Fact is, when he started at Drumbar, Schoettler didn’t realize what he was signing up for. “I sort of learned what this bar was after being here,” he says. “I had never been here before. I just thought, Fun, I’m learning how to bartend. But the more I was here, the more I realized there was so much potential—that this place could be something amazing. It could be something great. It’s got the location, it’s got the aesthetics, it’s got the view. It’s just about refining the product, and refining the ambiance.”
Refining, in this case, does not translate to creating an Aviary II. “If I wanted to do that, I could,” Schoettler says matter-of-factly. “But that doesn’t fit here.” Owned by Miami-based Menin Hotels, a modest group of a half-dozen properties, the Raffaello has nowhere near the unlimited staff, or budget, of the Aviary—not to mention the gadgetry.
That said, Schoettler is carrying over a few tools, including a liquid nitrogen tank, an immersion circulator and vac-pots.
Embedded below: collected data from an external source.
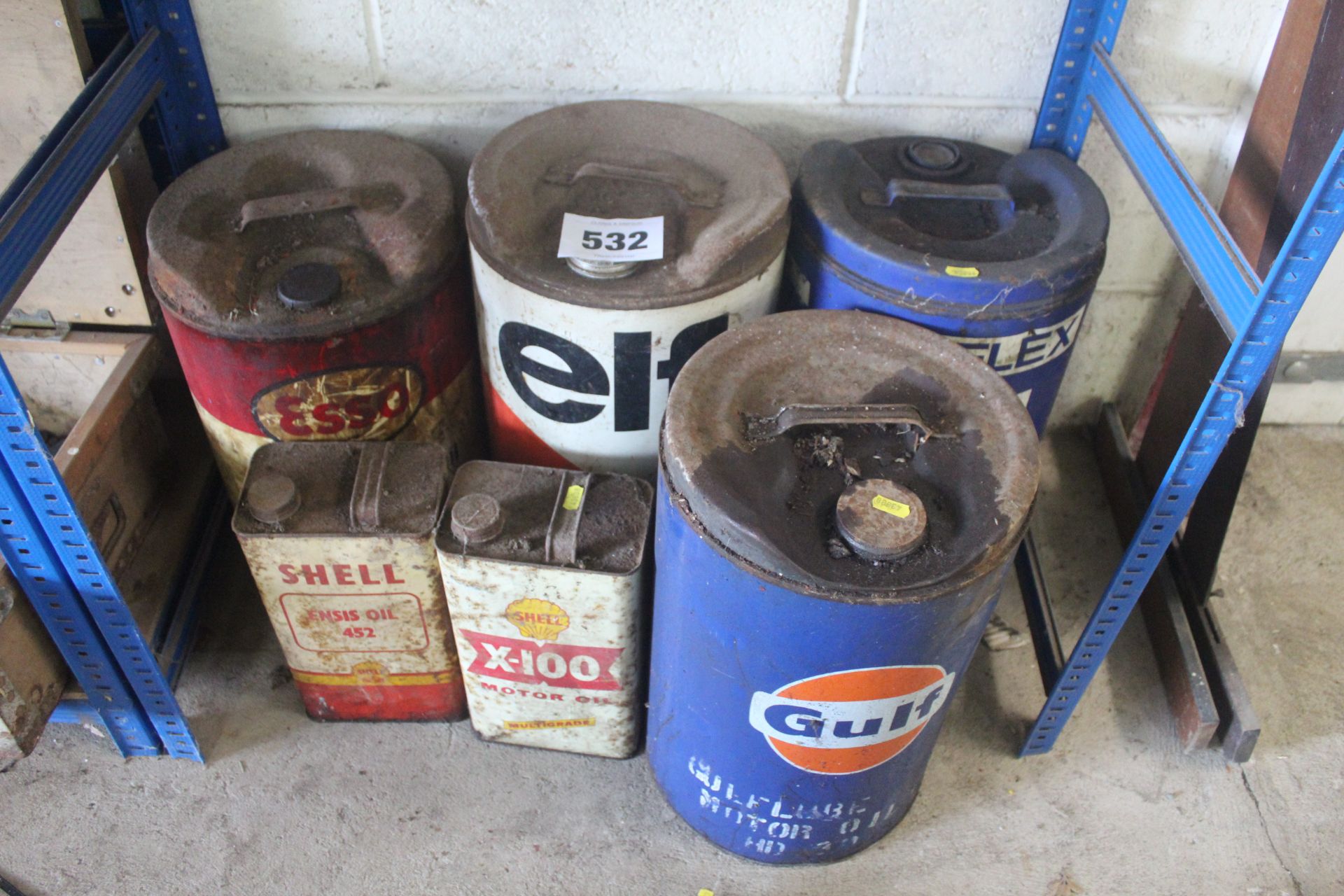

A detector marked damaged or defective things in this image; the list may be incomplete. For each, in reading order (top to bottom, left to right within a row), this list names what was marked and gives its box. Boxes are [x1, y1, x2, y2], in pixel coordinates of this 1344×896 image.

corroded metal lid [149, 132, 456, 342]
rusty cylindrical oil drum [149, 130, 482, 501]
corroded metal lid [234, 440, 448, 535]
rusty cylindrical oil drum [239, 442, 470, 722]
corroded metal lid [440, 459, 652, 577]
rusty cylindrical oil drum [440, 459, 652, 762]
corroded metal lid [470, 100, 795, 309]
rusty cylindrical oil drum [470, 99, 795, 476]
rusty cylindrical oil drum [650, 309, 1042, 862]
corroded metal lid [661, 309, 1042, 602]
rusty cylindrical oil drum [784, 136, 1109, 434]
corroded metal lid [795, 136, 1109, 309] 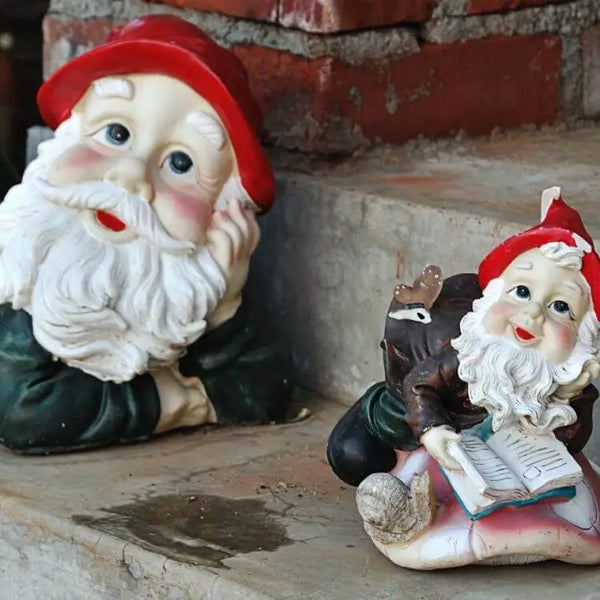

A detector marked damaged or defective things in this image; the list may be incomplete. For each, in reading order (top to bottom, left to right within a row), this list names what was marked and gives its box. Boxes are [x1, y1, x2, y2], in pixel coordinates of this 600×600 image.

cracked concrete surface [1, 396, 600, 596] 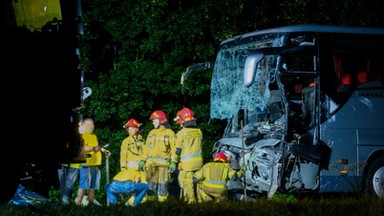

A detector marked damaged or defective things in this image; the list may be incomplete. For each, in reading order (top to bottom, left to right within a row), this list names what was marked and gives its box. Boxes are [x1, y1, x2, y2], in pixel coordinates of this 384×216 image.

shattered windshield glass [210, 33, 284, 120]
damaged bus [184, 24, 384, 200] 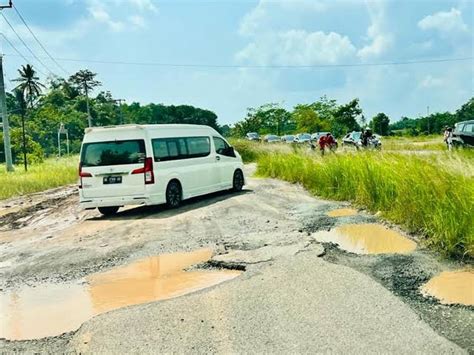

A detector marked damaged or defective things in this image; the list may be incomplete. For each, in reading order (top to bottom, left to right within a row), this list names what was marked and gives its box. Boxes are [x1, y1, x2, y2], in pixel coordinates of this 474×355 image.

water-filled pothole [0, 249, 241, 340]
pothole [0, 249, 241, 340]
cracked asphalt [0, 164, 472, 354]
damaged road [0, 165, 472, 354]
water-filled pothole [312, 224, 416, 254]
pothole [312, 224, 416, 254]
water-filled pothole [420, 270, 472, 306]
pothole [420, 270, 472, 306] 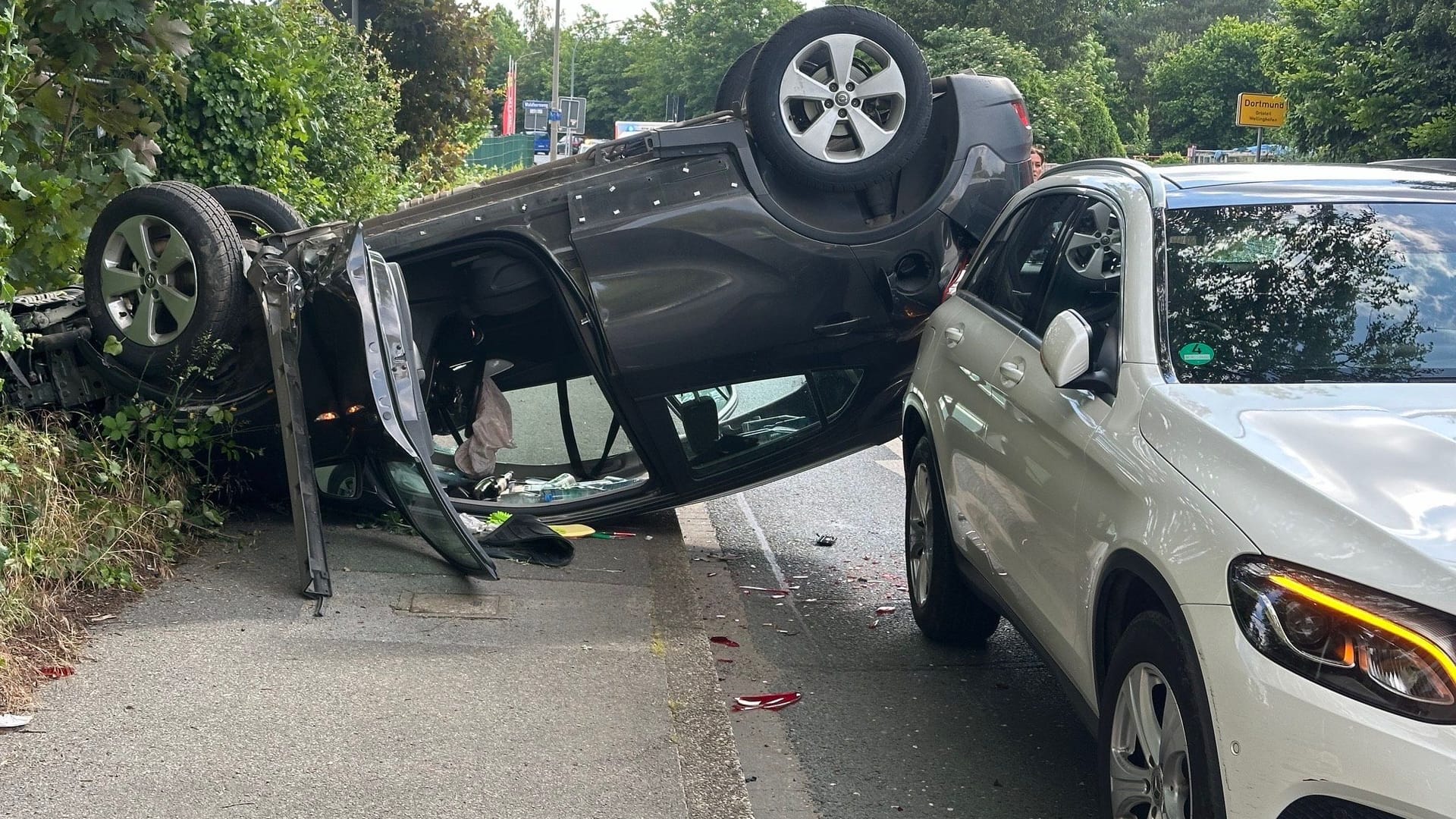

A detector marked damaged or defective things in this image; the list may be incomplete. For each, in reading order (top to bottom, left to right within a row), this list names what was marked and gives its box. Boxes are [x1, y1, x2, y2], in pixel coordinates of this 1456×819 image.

He’s bringing in some service pieces; he’s designing an ice program. “It’s more about bridging the gap from Aviary to the conventional-style bar,” Schoettler says, quickly adding, “and I don’t want it to be pretentious at all. If you come in on a Saturday at one o’clock in the morning and want a vodka soda, I’ll make a vodka soda.” Just don’t expect to see that vodka soda on the menu.
That’s the biggest change, of course. Last week, Drumbar debuted Schoettler’s menu, replacing club-friendly generalities with thoughtful inclusions such as grower Champagnes, cordials, rare bottlings from the members-only Scotch Malt Whisky Society (Drumbar will be its first account in the States), international microbrews and esoteric wines. As for the cocktails, Schoettler cut Newby’s list of 18 craft cocktails down to five classics and five specialties. “This is a transitional period,” Schoettler says. “We have to walk before we can run.”
Some details will remain unchanged. There’s still bottle service, and Drumbar has applied for an entertainment license with an eye toward hosting DJ sets. But Schoettler is happy to play along, and sounds hopeful when he talks about attracting mature drinkers to balance the lounge’s club-hopping clientele. “[Drumbar’s] on the 18th floor of a hotel east of Michigan [Avenue],” he says. “You don’t walk by and think, Oh, I’m going to stop there. You have to come here for a reason. So I want to make a reason for people to come.”